BEGIN SUPPLIED DATA

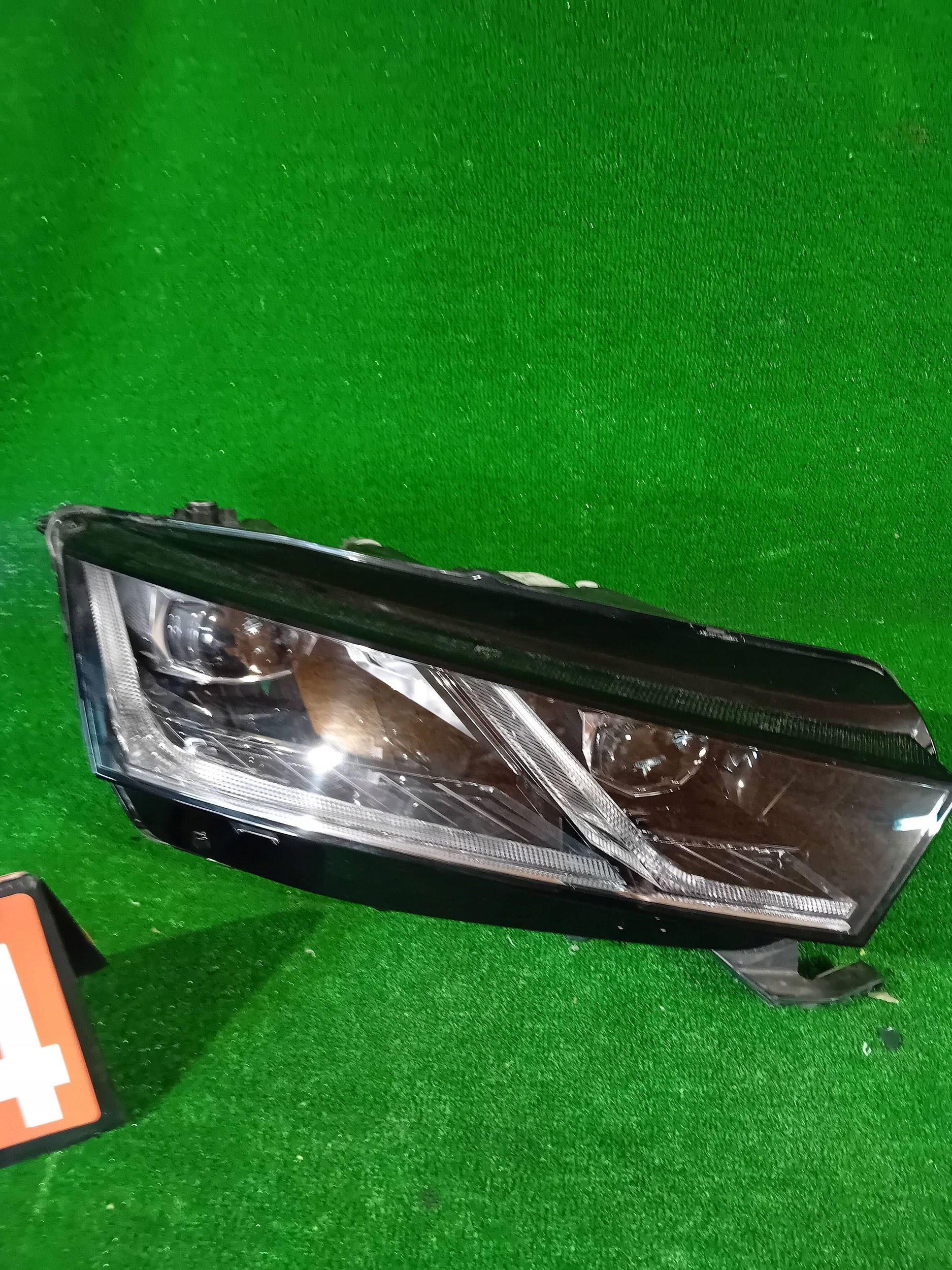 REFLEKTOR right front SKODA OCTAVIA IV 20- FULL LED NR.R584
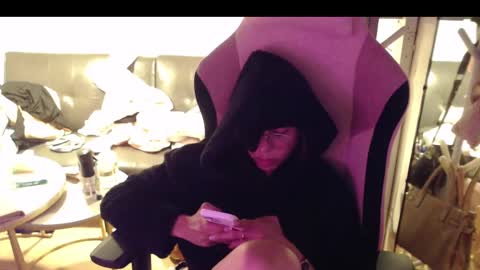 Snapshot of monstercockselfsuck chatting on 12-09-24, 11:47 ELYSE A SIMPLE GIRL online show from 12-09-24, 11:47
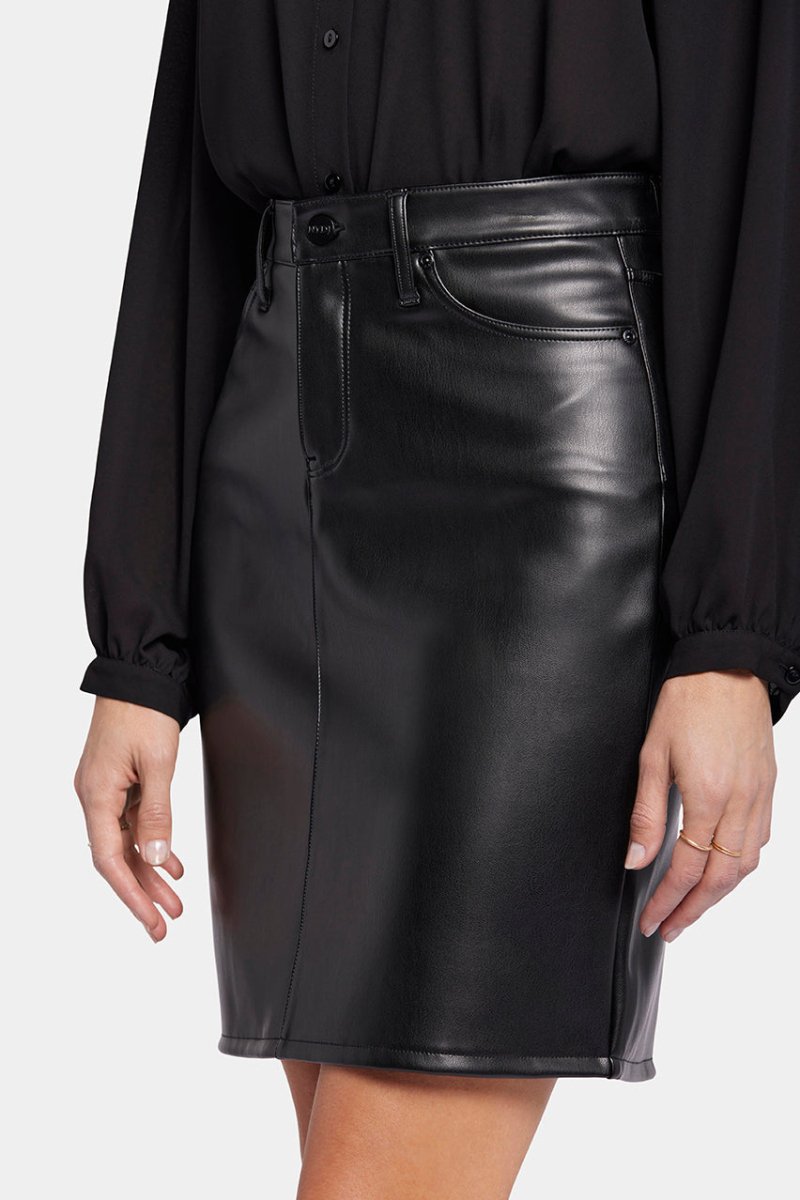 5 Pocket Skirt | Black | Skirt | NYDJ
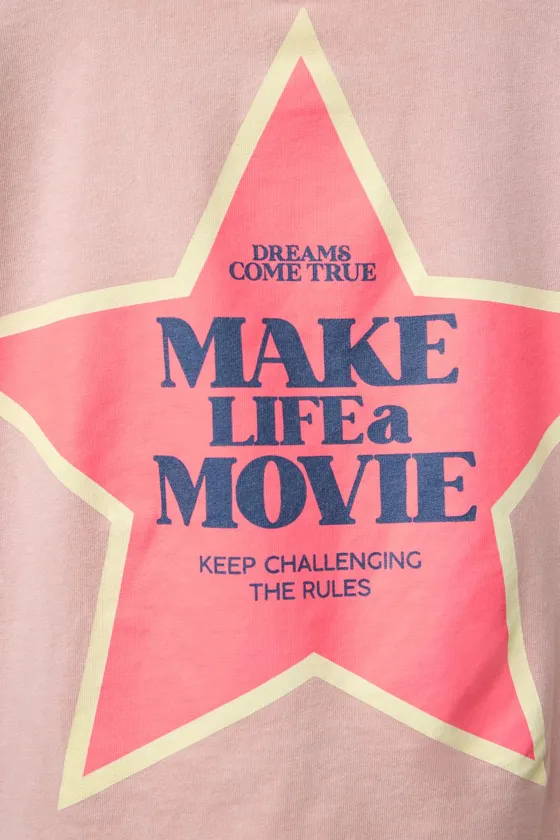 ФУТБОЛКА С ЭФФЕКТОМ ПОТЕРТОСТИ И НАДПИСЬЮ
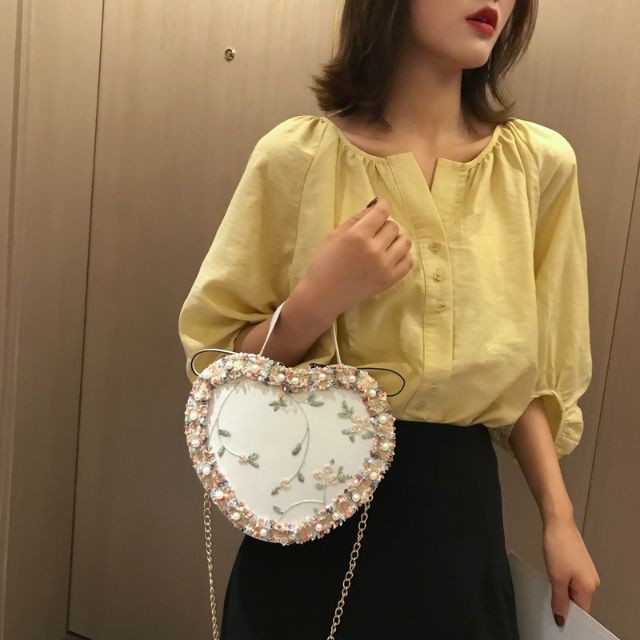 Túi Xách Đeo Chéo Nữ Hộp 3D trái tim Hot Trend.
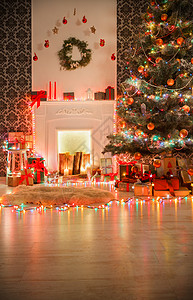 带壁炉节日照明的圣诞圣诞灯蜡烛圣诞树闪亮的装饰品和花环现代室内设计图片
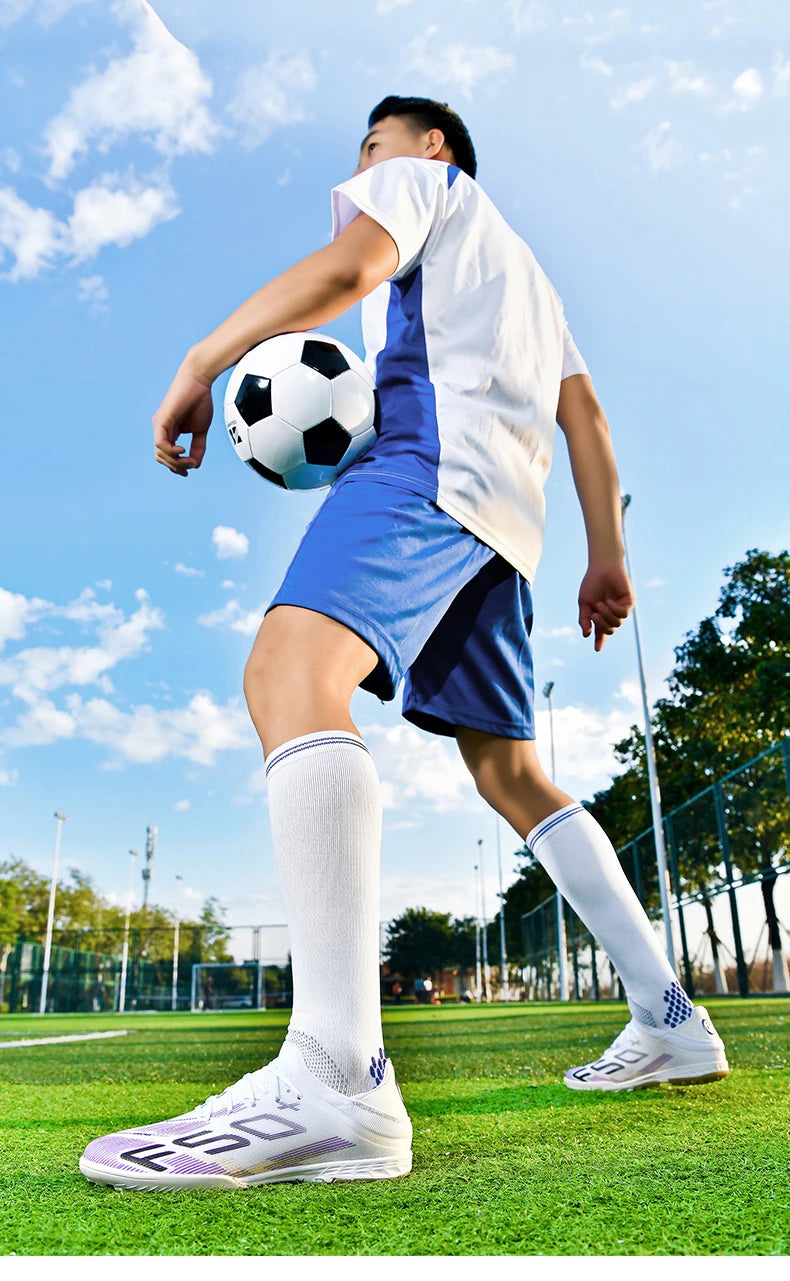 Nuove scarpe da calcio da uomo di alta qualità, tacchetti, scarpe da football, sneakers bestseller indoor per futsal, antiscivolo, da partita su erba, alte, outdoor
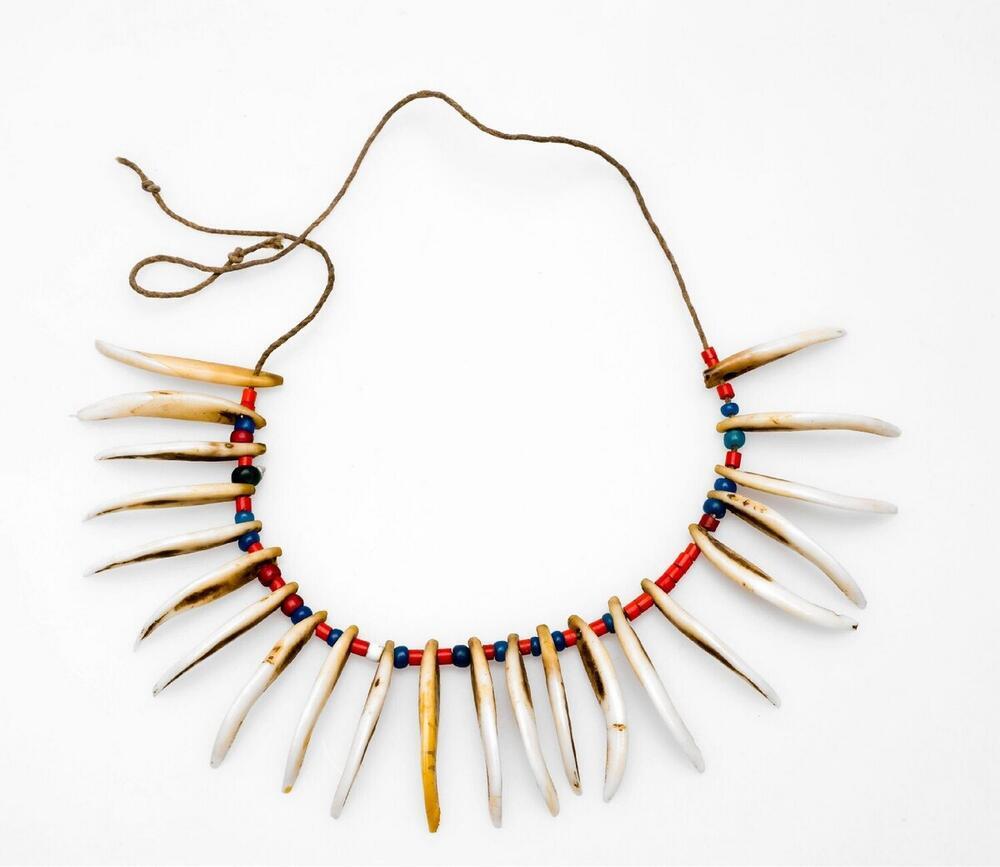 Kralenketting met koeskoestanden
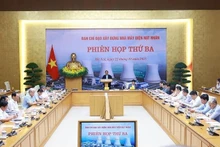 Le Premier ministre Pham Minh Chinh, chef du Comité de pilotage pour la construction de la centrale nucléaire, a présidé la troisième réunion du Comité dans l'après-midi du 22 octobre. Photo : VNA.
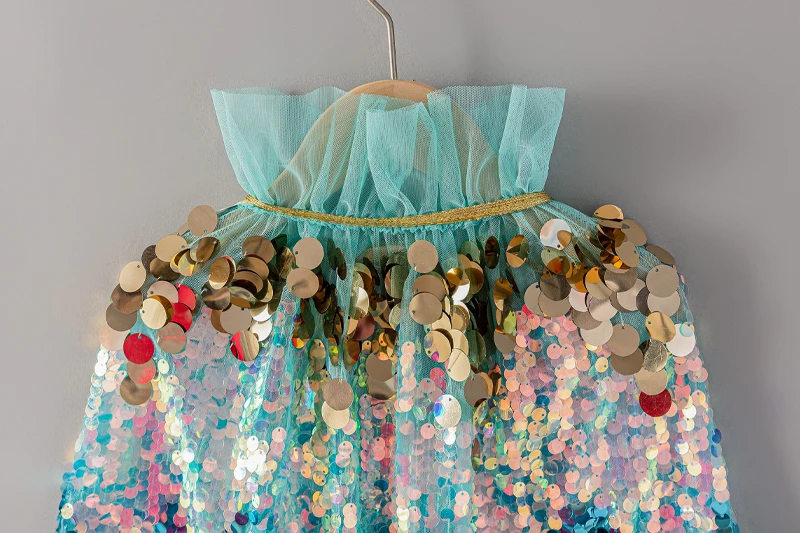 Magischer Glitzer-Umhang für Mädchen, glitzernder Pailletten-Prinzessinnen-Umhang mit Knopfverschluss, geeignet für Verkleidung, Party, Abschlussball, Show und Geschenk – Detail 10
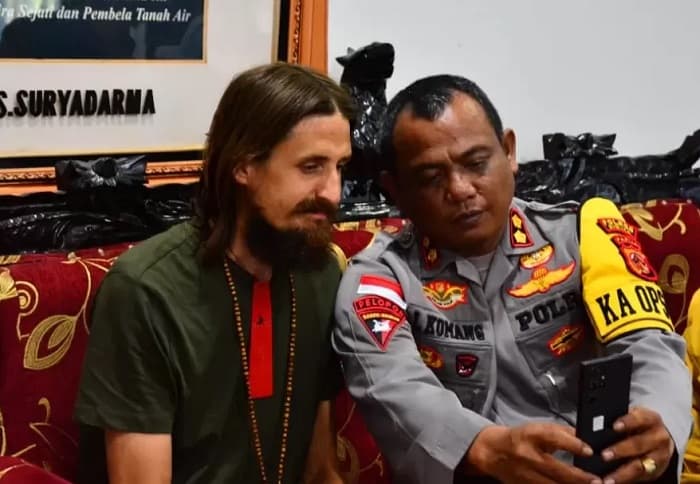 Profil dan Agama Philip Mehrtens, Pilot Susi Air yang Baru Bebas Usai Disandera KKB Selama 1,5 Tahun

END SUPPLIED DATA

• [EXERCISE DESCRIPTION]: Reproduce only the lines running from the beginning of the entries above to the line holding "带壁炉节日照明的圣诞圣诞灯蜡烛圣诞树闪亮的装饰品和花环现代室内设计图片", inclusive. Pictures stay out of the copy.

• [WRITTEN REPLY]:
 REFLEKTOR right front SKODA OCTAVIA IV 20- FULL LED NR.R584
 Snapshot of monstercockselfsuck chatting on 12-09-24, 11:47 ELYSE A SIMPLE GIRL online show from 12-09-24, 11:47
 5 Pocket Skirt | Black | Skirt | NYDJ
 ФУТБОЛКА С ЭФФЕКТОМ ПОТЕРТОСТИ И НАДПИСЬЮ
 Túi Xách Đeo Chéo Nữ Hộp 3D trái tim Hot Trend.
 带壁炉节日照明的圣诞圣诞灯蜡烛圣诞树闪亮的装饰品和花环现代室内设计图片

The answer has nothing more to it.